__DATA__:
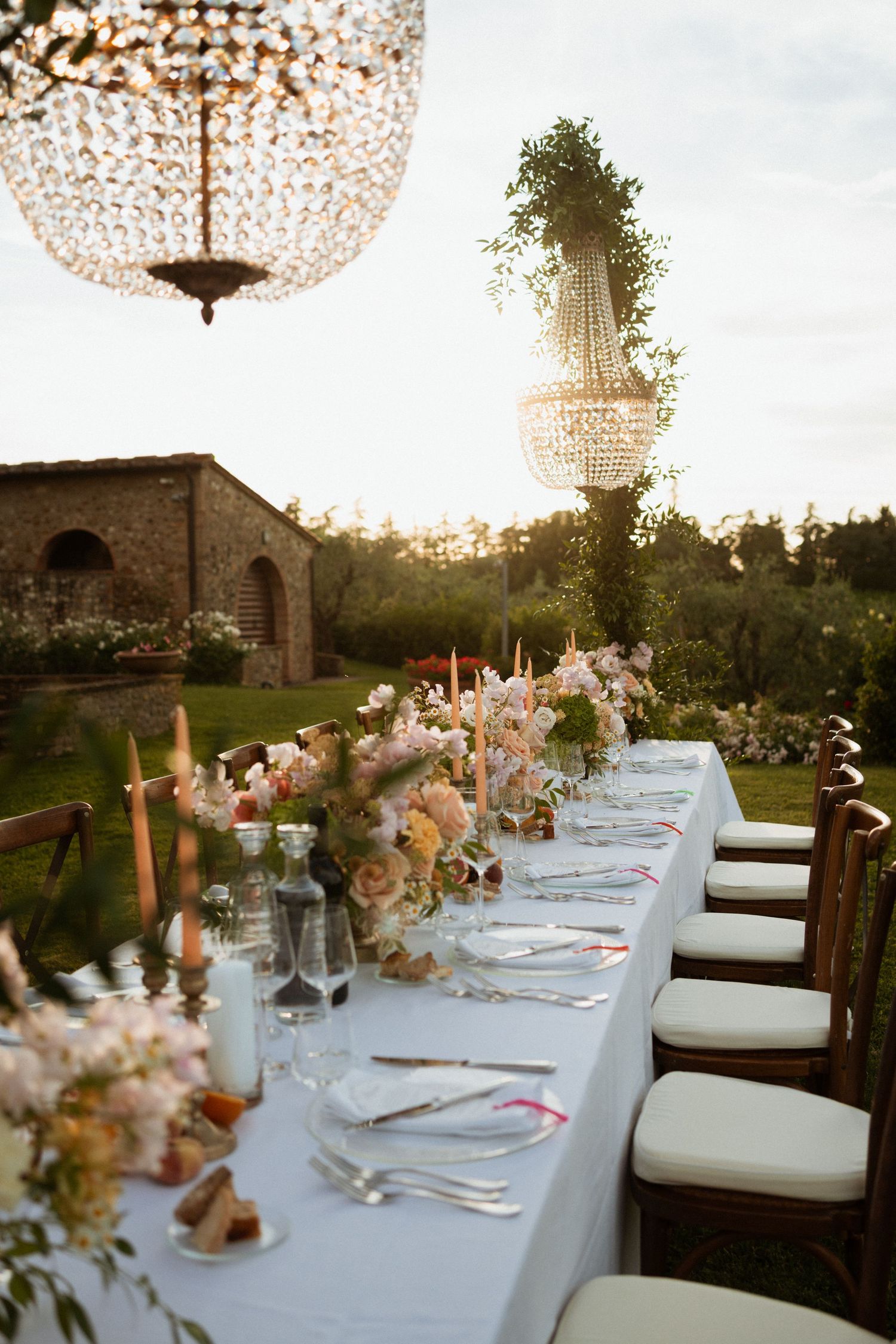 Elegant outdoor wedding reception table with crystal chandeliers, pink floral arrangements, and candlelight at golden hour.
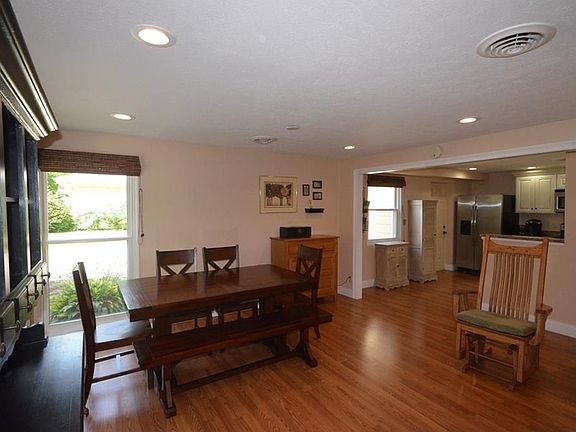 Cozy Family Room is right of the kitchen; current home owners use this area as both Dining Area and Family Room.
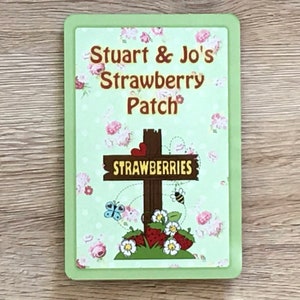 Puede incluir: Un cartel verde con borde blanco y un patrón floral. El cartel dice "Stuart & Jo's Strawberry Patch" y tiene una cruz de madera con un cartel que dice "Strawberries".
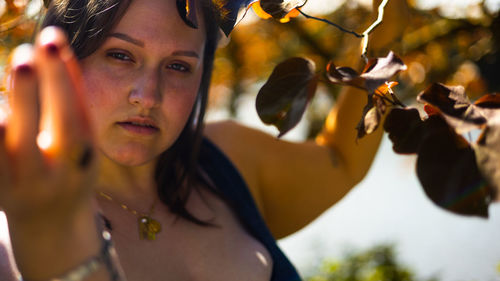 Low angle view of young woman standing against sky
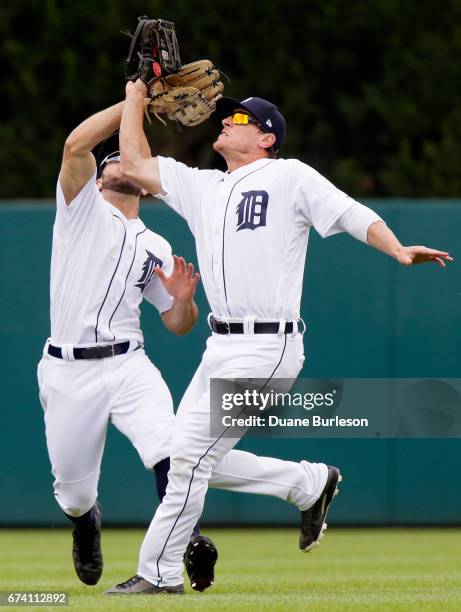 Right fielder Jim Adduci of the Detroit Tigers beats center fielder Tyler Collins of the Detroit Tigers to a fly ball hit by Nelson Cruz of the...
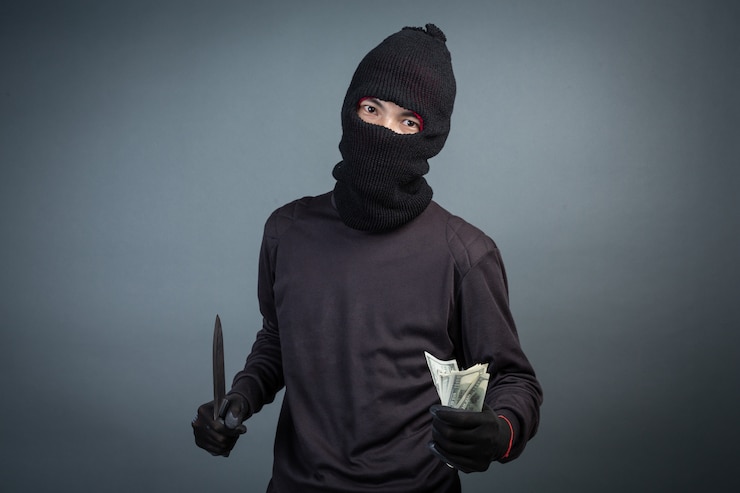 Gratis Foto criminelen dragen een zwart masker en houden donker op grijs
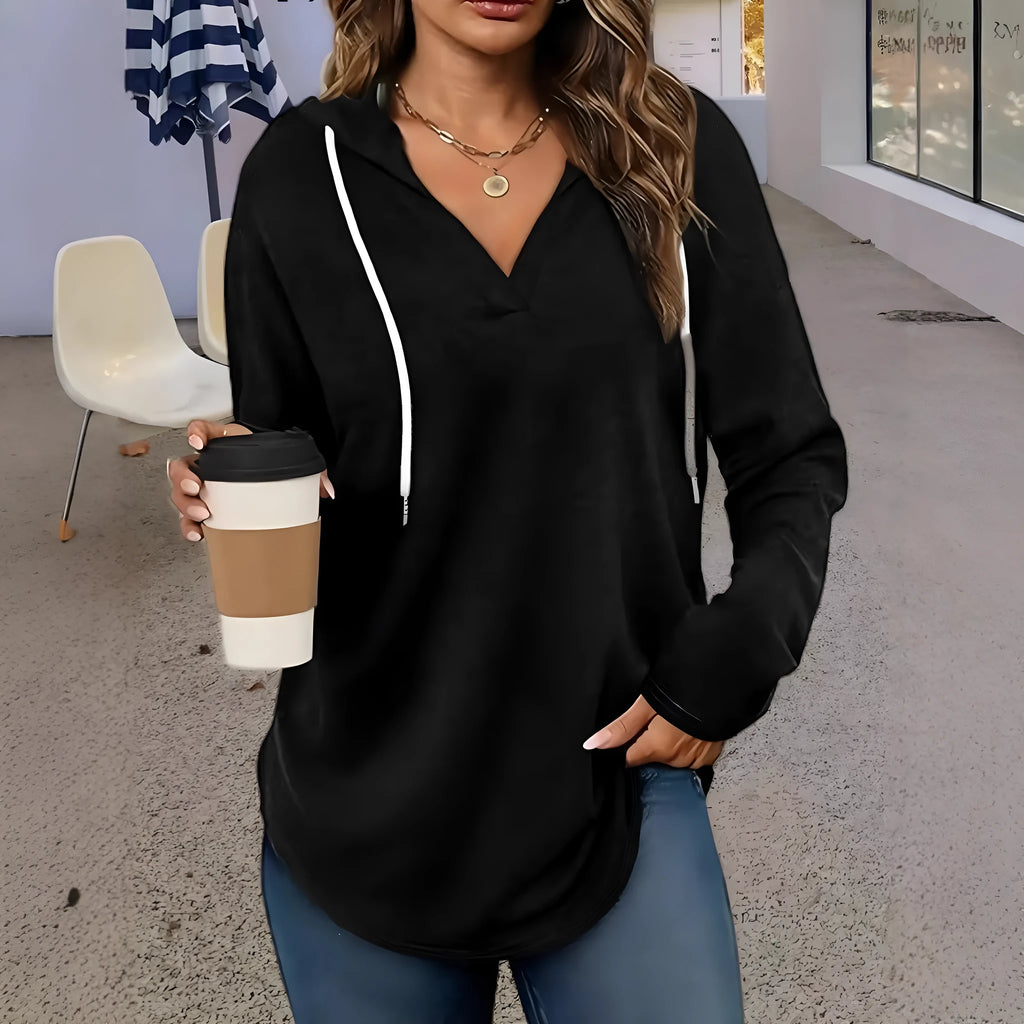 Red women's V-neck hooded sweatshirt with long sleeves on a hanger.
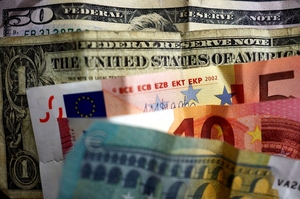 news image for Dollar slips as bets mount for less hawkish Fed, euro above parity
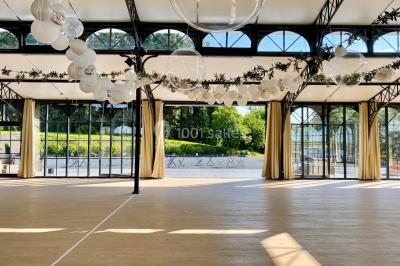 Structure en verre illuminée par des lumières violettes au crépuscule, avec un ciel dégagé en arrière-plan.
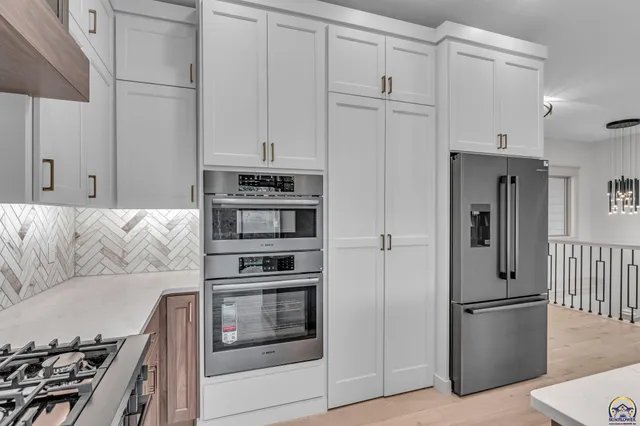 $450,000 | 3400 Southeast Howard Drive, Topeka, KS 66605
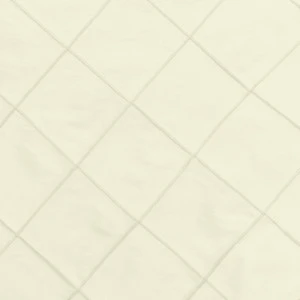 Cream-colored fabric with subtle diamond grid texture for elegant event linen rental.
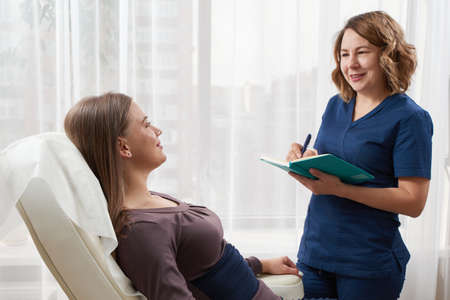 doctor is talking with young female patient and making notes while standing nearの写真素材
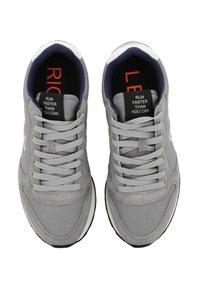 Scarpe sportive grigie realizzate con una combinazione di materiali lisci e testurizzati, dotate di una chiusura con lacci e etichette interne rosse e nere in contrasto.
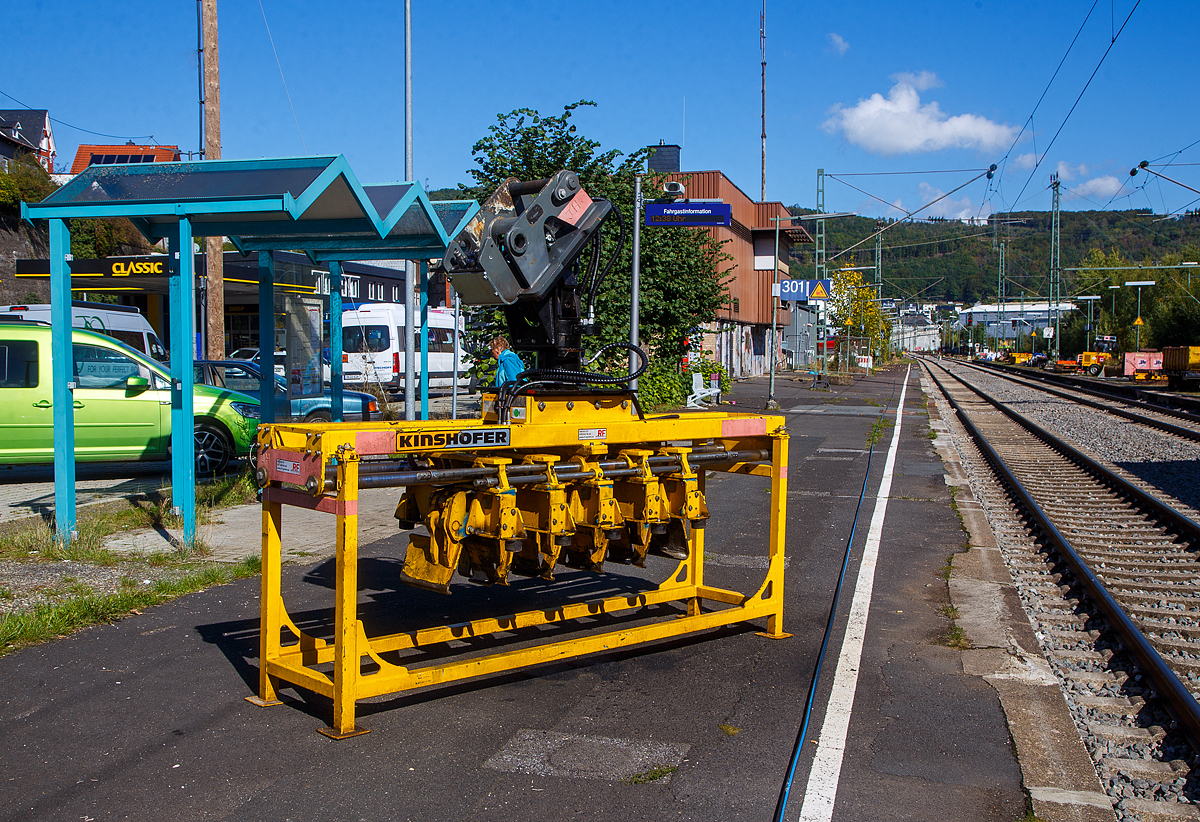 Bahnschwellenleger für Bagger vom Typ RUS05 im Geräteständer, der Joseph Hubert GmbH & Co. KG, am 30.09.2022 abgestellt am Bahnsteig vom Bahnhof Niederschelden (geografisch eigentlich Niederschelderhütte).

Der Hersteller (Baujahr 2020) von dem Bahnschwellenleger ist die KINSHOFER GmbH / RF SYSTEM in (Oberbayern).

Mit dem RUS05 Bahnschwellenleger können Betonschwellen mittig
gegriffen und dann einfach und effektiv positioniert werden, er ist geeignet für den Anbau an Bagger mit 14t bis 24t Dienstgewicht.

Technische Merkmale:
• Greifarme mit Synchronlauf und Untergreifen der Schwellen.
• Effizient: Mehrere Betonschwellen werden gleichzeitig durch hydraulische Greifer mittig geklemmt und anschließend auf das Schotterbett gelegt. Dies spart Zeit im Vergleich zur Einzelpositionierung der Schwellen.
• Sicher: Ein spezielles Halteventil garantiert ein sicheres Halten der Last, selbst bei Druckabfall.
• Variabler Greifbereich: Die Position der Greifarme ist innerhalb des vorgegebenen Bereichs verstellbar.
• Flexibilität: Für fast alle taillierten Bahnschwellentypen. Höhenanschlag je Schwelle einstellbar.
• Für enge Bereiche, da die Schwellen mittig gegriffen werden.
• Präzise Positionierung dank aufgebautem 10t-Drehmotor mit 4 Öldurchführungen und Schlauchschutz.
• Inklusive Geräteständer.
• Einstellbarer Schwellenabstand: 600mm / 620mm / 650mm

Der RUS05 Bahnschwellenleger ist ein hoch-spezialisiertes Gerät zum Greifer und Positionieren von Bahnschwellen nach einer bestimmten Anordnung. Der Abstand der Schwellen kann abhängig von den Anforderungen schnell und einfach angepasst werden. Die Bahnschwellen werden mittig von den voreingestellten, hydraulischen Greifarmen geklemmt und auf dem Schotterbett positioniert. Im Vergleich zur individuellen Positionierung der Bahnschwellen wird viel Zeit eingespart. So gut wie alle Arten von taillierten Bahnschwellen können sicher geklemmt werden, dank integriertem Lasthalteventil auch bei plötzlichem Druckabfall.

Der RUS05 wird inklusive praktischem Geräteständer ausgeliefert, zur einfachen Lagerung und Transport des Gerätes wenn nicht am Trägergerät montiert. Als Variante gibt es auch den RUS2 05 Bahnschwellenleger, dieser ist wie der RUS05 speziell für das Verlegen von fast allen Schwellentypen konzipiert, allerdings werden Bahnschwellen bei dieser Variante über die Enden geklemmt und nicht mittig. Beide Schwellenleger sind mit einem 10t-Drehmotor ausgestattet und können 5 Schwellen gleichzeitig greifen.

TECHNISCHE DATEN Bahnschwellenleger RUS05:
Greifbereich: 150 bis 265 mm
Gewicht: 1.300 kg
Länge: 2.820 mm
Höhe: 1.553 mm
Breite: 825 mm
Anzahl der Greifzangen: 5
Backenbreite: 330 mm (Schwellenbreite 300 / 320 mm)
Max. Gewicht  Einzelschwelle 350 kg (5 x 350 = 1.750 kg Gesamtlast)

__WHAT YOU ARE ASKED TO DO__:
The lines above starting at the one that contains "Mit dem RUS05" and ending at the one that contains "selbst bei Druckabfall." must be transcribed exactly, and no other lines may appear.

__OUTPUT FOR THIS EXERCISE__:
Mit dem RUS05 Bahnschwellenleger können Betonschwellen mittig
gegriffen und dann einfach und effektiv positioniert werden, er ist geeignet für den Anbau an Bagger mit 14t bis 24t Dienstgewicht.

Technische Merkmale:
• Greifarme mit Synchronlauf und Untergreifen der Schwellen.
• Effizient: Mehrere Betonschwellen werden gleichzeitig durch hydraulische Greifer mittig geklemmt und anschließend auf das Schotterbett gelegt. Dies spart Zeit im Vergleich zur Einzelpositionierung der Schwellen.
• Sicher: Ein spezielles Halteventil garantiert ein sicheres Halten der Last, selbst bei Druckabfall.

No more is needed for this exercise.